Its fixation on contemporary buzzwords such as “alliance”, “AUKUS” and “Quad” (mentioned once, though India and Japan are referred to half a dozen times) ignores the pressing realities of our immediate region. A review blind to the place of Indonesia in our region belongs more to the world of fancy than to the real world of power, politics, demography and population, and the physical geography that establishes the space and time constraints within which armed conflict is conducted.

It is not often that Defence prime contractors win a mention in a policy document as self-consciously crucial and enduring as the review is intended to be. Boeing and Sikorsky must be especially proud. This is emblematic of a more fundamental shift away from defence self-reliance, albeit within the framework of the alliance with the US, to a significantly greater dependence on the US for our national defence. In the review’s words, “our Alliance with the US is becoming even more important to Australia”.

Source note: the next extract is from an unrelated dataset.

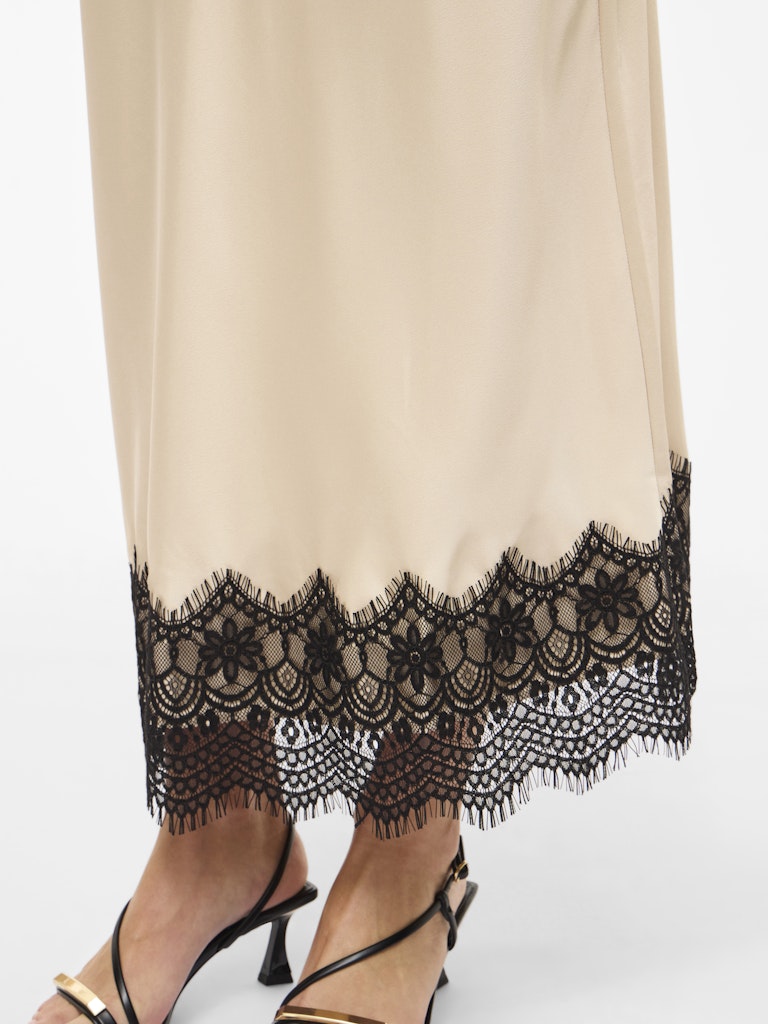 VIELLETTE HW ANKLE LACE SKIRT - Cement/Black Lace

The bilateral relationship is of paramount importance to Australia, as it should be to the US. But the relationship extends far beyond the military alliance as embodied in the ANZUS Treaty, an artefact of the immediate post-WWII world. To place defence at the centre of the Australia-US relationship is to base Australia’s security on an article of faith. And faith-based policy is no substitute for the single-minded pursuit of our national interests.

Like its many predecessors, this
review sets out to measure national defence against our national interests and to “avoid … major conflict in the region that directly threatens our national interest”. But just as the term “strategic” (used more than 300 times) is nowhere defined, so too “national interests” are unidentified and the “national interest” left vague, particularly so where it refers to “areas of core national interest”.

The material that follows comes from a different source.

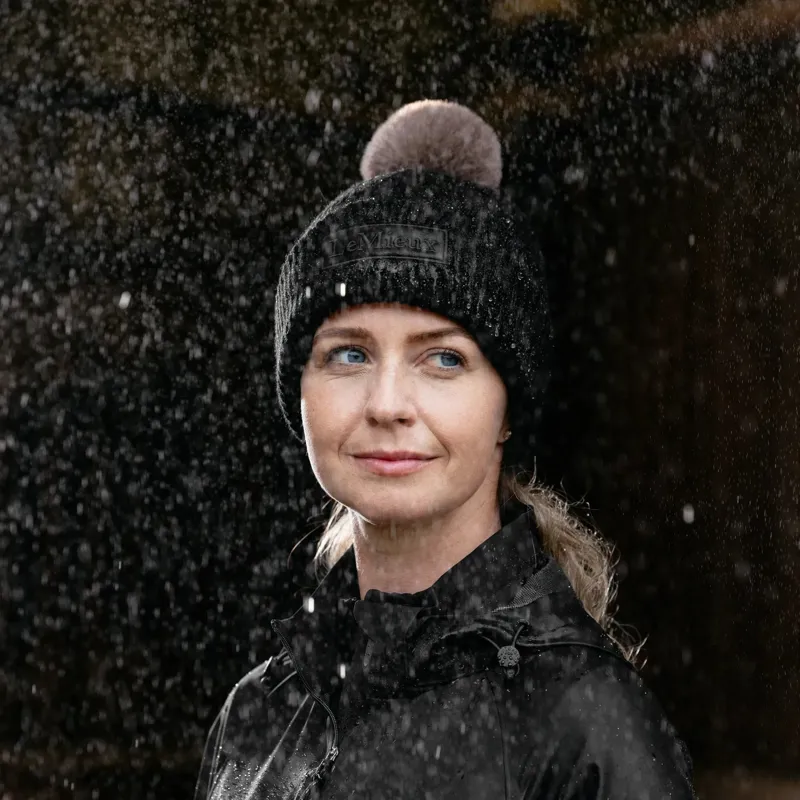 LeMieux x Sealskinz Waterproof Beanie Hat - Black-1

Overall, the DSR is more a stable of hobbyhorses out for a canter than a coherent plan for addressing the inherent unpredictability of the region in which we live and work. Its policy deficiencies notwithstanding, it is, however, an outstanding example of political manoeuvre. It has stolen the mantle of security guardianship from the conservatives and draped it around the Albanese Labor government while deferring the massive expenditures way beyond the forward estimates – shrewd politics masquerading as pedestrian policy. That is clever.